Si trop d'enveloppes brunes circulent parmi les politiciens du Québec, c'est largement pour financer les coûts associés aux élections. Les politiciens et les partis ont besoin d'argent pour être compétitifs sur le plan électoral. C'est ce besoin qui permet aux grandes entreprises de construction et de génie-conseil d'utiliser leur argent pour influencer les politiciens et les décisions du gouvernement.

Le pouvoir indu de l'argent sur la politique soulève, au premier chef, des questions reliées à la corruption. C'est de cette façon que cet enjeu est présentement traité dans les médias et l'opinion publique.

Mais cela soulève aussi, plus fondamentalement, des questions d'inégalité dans la représentation démocratique, parce que les décisions du gouvernement reflètent plus les intérêts des lobbyistes et des pousseurs d'enveloppes brunes que ceux des citoyens en général. Le pouvoir de l'argent sur la politique rend le processus de représentation plus inégal. Les enveloppes brunes, ce n'est pas tout le monde qui peut se les permettre: ce sont surtout les grandes entreprises et organisations qui en ont les moyens.

Sous la corruption, se cache aussi une question d'inégalité. Il faut libérer les partis du pouvoir de l'argent. Pour s'attaquer à cet enjeu, il faut agir directement sur les partis politiques. Il faut éliminer leur dépendance à l'endroit des grands intérêts économiques, car c'est ceci qui rend le processus de représentation inégal. Ce n'est pas une commission d'enquête sur construction qui va régler le problème.

Les partis politiques sont devenus plus dépendants des intérêts corporatifs au fur et à mesure que les citoyens se sont désengagés du processus démocratique.
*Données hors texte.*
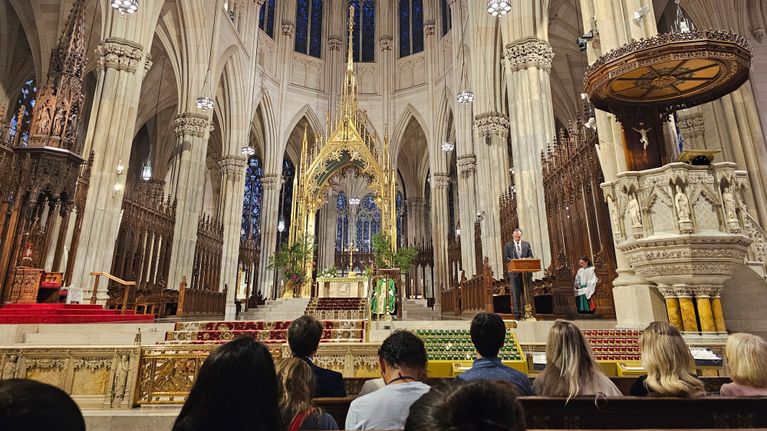 En gudstjänst pågår i en nygotisk kyrka med förgylld konstruktion ovanför högaltaret. I de främsta bänkraderna sitter gudstjänstbesökare.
La désertion du public, l'érosion du membership et du militantisme ont rendu les partis politiques plus vulnérables au pouvoir de l'argent. Les citoyens ayant quitté le «navire» de la politique partisane, les corporations et les lobbyistes ont ramassé ce qui restait. La démobilisation citoyenne a réduit notre pouvoir d'agir sur la politique et renforcé le déséquilibre dans la représentation, donnant encore plus d'influence à ceux qui ont le plus de ressources.
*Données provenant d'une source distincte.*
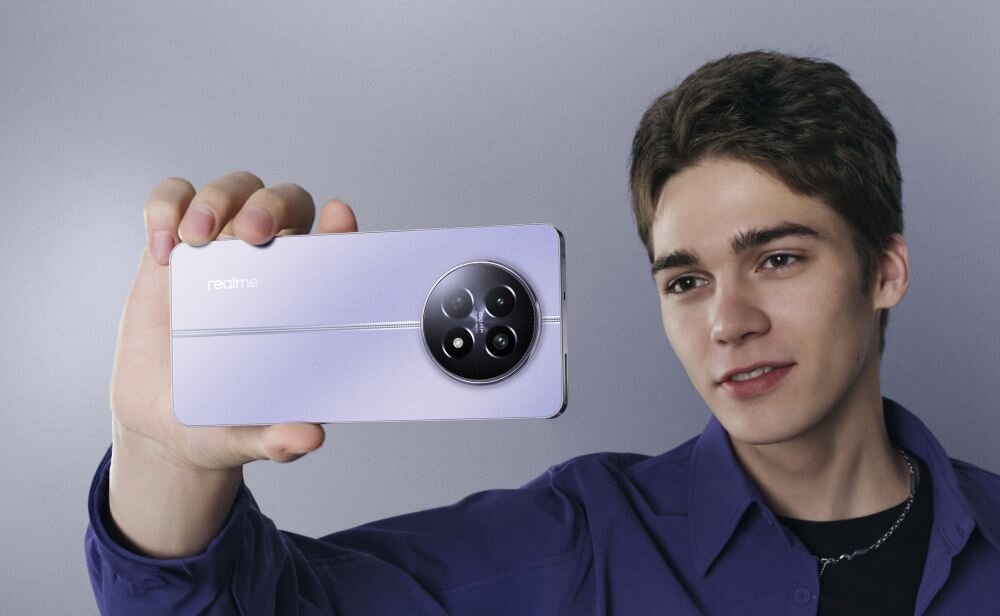 Osoba trzyma fioletowy smartfon z okrągłym modułem aparatu i logo \'realme\'.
Ce n'est pas seulement à coup de lois et de bureaucratie que l'on redressera les inégalités de la représentation politique. Il faut aussi un réengagement citoyen dans les institutions et les processus politiques. Les partis porteurs de visions et de projets de société attirent moins le pouvoir de l'argent.
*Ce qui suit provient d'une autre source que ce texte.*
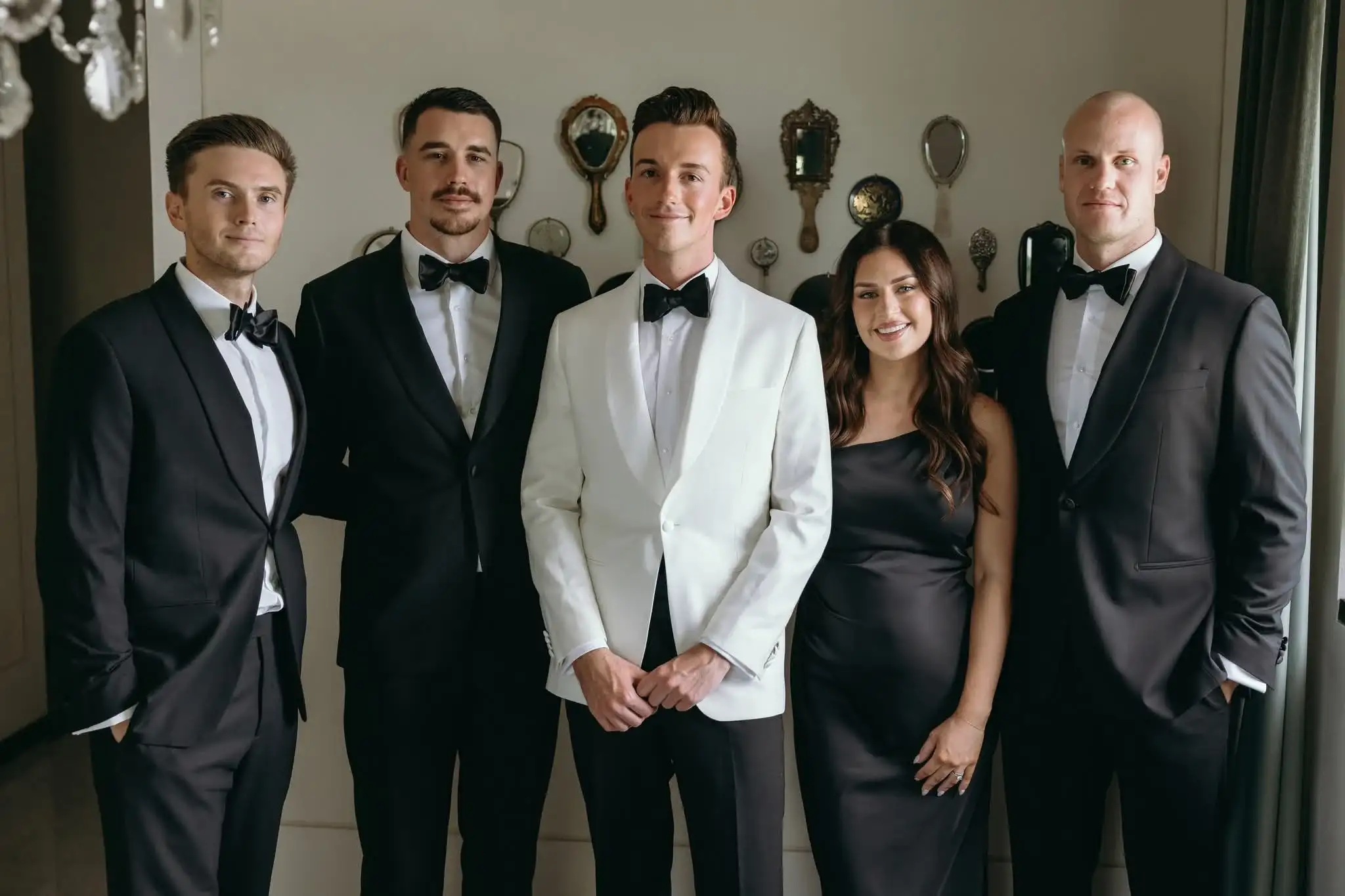 Group of clients dressed in bespoke tuxedos at formal event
Aux États-Unis, l'ancien chef de cabinet du président Obama, Rahm Emanuel, aurait dit qu'en politique, les crises sont des opportunités que l'on ne doit jamais laisser se gaspiller. C'est exactement ce que nos élus devraient faire. La crise actuelle nous donne l'opportunité de renouer avec notre histoire de réformisme démocratique. Ce qui se passe en ce moment est une occasion pour les citoyens de faire des gains démocratiques. C'est une chance de renforcer l'égalité dans la représentation en faisant en sorte qu'à l'avenir, nos partis politiques ne soient plus les otages des lobbyistes et des entreprises.

Ce projet est certainement plus mobilisateur que de braquer toutes nos énergies sur les scandales de corruption. Ceux-ci ne sont que des écrans de fumée qui nous empêchent de voir les enjeux plus fondamentaux.